Helikoptere binip şehrin yolunu tuttuk. Yol boyunca konuşmadık. Konuşamadık. Benim aklımda kara gözler ve derin bakışlar vardı. Bir de tılsım. Eminim Gökhan’ın da aklında bunlardan başkası yoktu. Şehre yaklaştığımızda büyük bir yangın olduğunu fark ettik. Biraz daha yaklaştığımızdaysa bir yangın değil büyük yangın olduğunu fark ettik. Şehir yanıyordu. Başından sonuna kadar yanıyordu. İtfaiyeyi aramak istedik, telefonlar çekmiyordu. Daha fazla yaklaşamadık şehre. Gökhan geldiğimiz yere dönmeye karar verdi. Hava karardı. Yolumuzu bulamayız, dedim. Dinlemedi Gökhan. O kadını bulmalıyız, dedi. Deliydi, şimdi daha çok delirdi.
Şehirden biraz uzaklaşınca telefonlar çekmeye başladı. İtfaiyeyi aradım. Telefonun diğer ucundaki kişi şehrimizin tamamının yanmakta olduğunu, şu an diğer şehirlerden itfaiyelerin yola çıktığını söyledi. Telefonu kapattım. Bir haber kanalının canlı yayınını açtım. Yangının olacağı sabah, ülkedeki tüm telefon ve bilgisayar klavyelerinin kendiliğinden “ateş, yangın, yakım, yıkım” gibi kelimeler yazdığını, akşama doğru yer altından fışkıran ateş toplarıyla şehrin yanmaya başladığını anlatıyor muhabir. Çok can kaybının olduğunu, böyle bir yangından kimsenin sağ çıkamayacağını, müdahale edilene kadar şehrin tamamen yok olacağını söylüyor.

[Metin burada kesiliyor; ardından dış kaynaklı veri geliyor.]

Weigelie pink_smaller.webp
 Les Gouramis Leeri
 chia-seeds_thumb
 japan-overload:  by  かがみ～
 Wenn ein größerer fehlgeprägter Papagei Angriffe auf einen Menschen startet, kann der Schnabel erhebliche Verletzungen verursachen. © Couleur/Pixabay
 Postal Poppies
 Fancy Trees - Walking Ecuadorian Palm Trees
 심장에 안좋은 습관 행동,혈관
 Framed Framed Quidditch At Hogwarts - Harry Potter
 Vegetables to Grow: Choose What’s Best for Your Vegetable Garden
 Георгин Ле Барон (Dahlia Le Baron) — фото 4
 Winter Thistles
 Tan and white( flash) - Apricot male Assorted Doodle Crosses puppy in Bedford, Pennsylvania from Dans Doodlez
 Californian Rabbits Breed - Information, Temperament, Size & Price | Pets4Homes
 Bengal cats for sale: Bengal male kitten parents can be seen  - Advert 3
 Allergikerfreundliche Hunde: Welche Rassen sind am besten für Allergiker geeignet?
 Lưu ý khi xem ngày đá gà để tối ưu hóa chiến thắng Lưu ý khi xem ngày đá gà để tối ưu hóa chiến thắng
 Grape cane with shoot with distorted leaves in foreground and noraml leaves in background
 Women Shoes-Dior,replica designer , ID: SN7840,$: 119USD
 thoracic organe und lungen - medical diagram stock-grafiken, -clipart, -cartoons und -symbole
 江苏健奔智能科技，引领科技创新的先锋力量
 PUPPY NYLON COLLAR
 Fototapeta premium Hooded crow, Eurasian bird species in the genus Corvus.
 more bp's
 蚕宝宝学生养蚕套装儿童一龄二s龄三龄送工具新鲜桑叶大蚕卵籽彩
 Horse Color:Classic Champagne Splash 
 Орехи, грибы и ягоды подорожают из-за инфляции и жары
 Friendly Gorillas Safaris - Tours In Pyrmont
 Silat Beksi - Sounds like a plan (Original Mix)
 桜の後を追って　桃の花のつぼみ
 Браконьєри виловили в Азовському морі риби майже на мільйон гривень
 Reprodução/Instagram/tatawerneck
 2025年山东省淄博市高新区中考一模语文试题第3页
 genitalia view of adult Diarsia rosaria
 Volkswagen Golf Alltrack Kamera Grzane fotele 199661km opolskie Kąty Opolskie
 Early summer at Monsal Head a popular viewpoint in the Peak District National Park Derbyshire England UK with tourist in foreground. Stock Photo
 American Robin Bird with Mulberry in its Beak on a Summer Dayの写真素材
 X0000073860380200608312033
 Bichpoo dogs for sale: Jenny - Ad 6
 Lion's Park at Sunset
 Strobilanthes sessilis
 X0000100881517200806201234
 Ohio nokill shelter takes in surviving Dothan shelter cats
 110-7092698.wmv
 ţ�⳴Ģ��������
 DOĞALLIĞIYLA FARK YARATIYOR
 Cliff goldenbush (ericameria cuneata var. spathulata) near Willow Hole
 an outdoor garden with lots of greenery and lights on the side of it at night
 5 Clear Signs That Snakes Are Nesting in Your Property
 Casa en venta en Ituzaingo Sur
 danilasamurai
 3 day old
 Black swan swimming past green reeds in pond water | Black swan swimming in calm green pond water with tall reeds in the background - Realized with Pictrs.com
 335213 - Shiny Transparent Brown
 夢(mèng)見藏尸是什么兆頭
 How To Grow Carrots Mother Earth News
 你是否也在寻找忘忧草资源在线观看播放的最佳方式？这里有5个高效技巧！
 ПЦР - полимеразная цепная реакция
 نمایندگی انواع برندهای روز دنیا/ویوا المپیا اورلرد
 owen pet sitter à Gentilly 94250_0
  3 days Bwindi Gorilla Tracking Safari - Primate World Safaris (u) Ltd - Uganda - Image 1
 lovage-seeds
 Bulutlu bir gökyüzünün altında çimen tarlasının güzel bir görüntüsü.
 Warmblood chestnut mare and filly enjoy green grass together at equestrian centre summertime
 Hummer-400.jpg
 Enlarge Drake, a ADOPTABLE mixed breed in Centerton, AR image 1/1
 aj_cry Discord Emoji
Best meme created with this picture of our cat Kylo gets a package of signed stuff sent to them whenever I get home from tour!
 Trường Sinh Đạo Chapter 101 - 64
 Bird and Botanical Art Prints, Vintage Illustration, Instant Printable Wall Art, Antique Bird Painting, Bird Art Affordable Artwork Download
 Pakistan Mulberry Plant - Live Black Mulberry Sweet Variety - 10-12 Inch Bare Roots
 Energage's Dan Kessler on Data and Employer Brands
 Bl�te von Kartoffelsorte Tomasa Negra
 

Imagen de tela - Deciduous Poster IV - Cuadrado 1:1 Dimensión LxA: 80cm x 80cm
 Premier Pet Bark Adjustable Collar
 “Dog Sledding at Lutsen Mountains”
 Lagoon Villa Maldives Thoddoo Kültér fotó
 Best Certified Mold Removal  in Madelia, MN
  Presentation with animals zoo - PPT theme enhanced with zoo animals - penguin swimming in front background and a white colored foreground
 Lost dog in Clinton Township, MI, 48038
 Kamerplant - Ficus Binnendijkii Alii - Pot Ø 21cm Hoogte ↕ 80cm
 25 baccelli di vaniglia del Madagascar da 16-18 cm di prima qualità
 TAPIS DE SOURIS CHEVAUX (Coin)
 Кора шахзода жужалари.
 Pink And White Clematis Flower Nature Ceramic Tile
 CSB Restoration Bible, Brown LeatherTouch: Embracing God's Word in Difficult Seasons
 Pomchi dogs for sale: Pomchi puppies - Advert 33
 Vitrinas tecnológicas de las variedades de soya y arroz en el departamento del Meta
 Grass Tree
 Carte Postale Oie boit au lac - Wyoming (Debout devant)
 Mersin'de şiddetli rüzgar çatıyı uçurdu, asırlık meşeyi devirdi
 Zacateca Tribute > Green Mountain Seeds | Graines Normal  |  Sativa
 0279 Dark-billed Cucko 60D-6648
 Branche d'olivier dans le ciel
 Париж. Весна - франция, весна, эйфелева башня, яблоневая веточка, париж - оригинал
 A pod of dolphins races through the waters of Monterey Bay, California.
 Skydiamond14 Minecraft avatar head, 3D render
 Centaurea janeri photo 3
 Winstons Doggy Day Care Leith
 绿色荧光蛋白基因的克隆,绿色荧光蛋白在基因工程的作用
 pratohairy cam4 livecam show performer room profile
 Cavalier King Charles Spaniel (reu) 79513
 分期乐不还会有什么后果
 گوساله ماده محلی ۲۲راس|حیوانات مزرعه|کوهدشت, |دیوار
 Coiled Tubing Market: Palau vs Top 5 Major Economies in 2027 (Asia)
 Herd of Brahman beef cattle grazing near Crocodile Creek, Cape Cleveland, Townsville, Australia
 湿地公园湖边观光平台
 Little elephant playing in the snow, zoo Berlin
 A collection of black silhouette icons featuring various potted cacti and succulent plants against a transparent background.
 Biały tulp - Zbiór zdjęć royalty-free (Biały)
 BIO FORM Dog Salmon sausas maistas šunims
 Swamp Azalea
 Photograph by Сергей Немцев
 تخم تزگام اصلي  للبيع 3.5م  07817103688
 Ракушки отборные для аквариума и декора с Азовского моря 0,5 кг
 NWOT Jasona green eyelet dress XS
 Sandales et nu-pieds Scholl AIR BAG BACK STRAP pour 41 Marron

Gökhan helikopteri inişe geçirdi. Burası mı, dedim. Bilmiyorum, dedi. İkimiz de şoktayız. Ezbere hareket ediyoruz. Ne yaptığımızı, ne yapacağımızı, ne yapmamız gerektiğini, bir şey yapmamız gerekip gerekmediğini bilmiyoruz. Helikopterden indik. Telefonların fenerlerini açtık. Sabah geldiğimiz yerdeyiz. İşte Gökhan’ın, yünün ucunu bağladığı o küçük ağaç. Yünü daldan çözdüm. Sararak yürümeye başladık. Yürüdük, yürüdük yürüdük. Ovanın etrafındaki dağlardan birine çıktık. Telefonların şarjı bitmeye başladı. Akşam rüzgârı vuruyor yüzümüze. Rüzgâr sıcak esiyor. Uzaktan köpek sesleri geliyor. Dağın aşağısında ışıkları yanan bir köy. Yanmak kelimesi canımı yakıyor.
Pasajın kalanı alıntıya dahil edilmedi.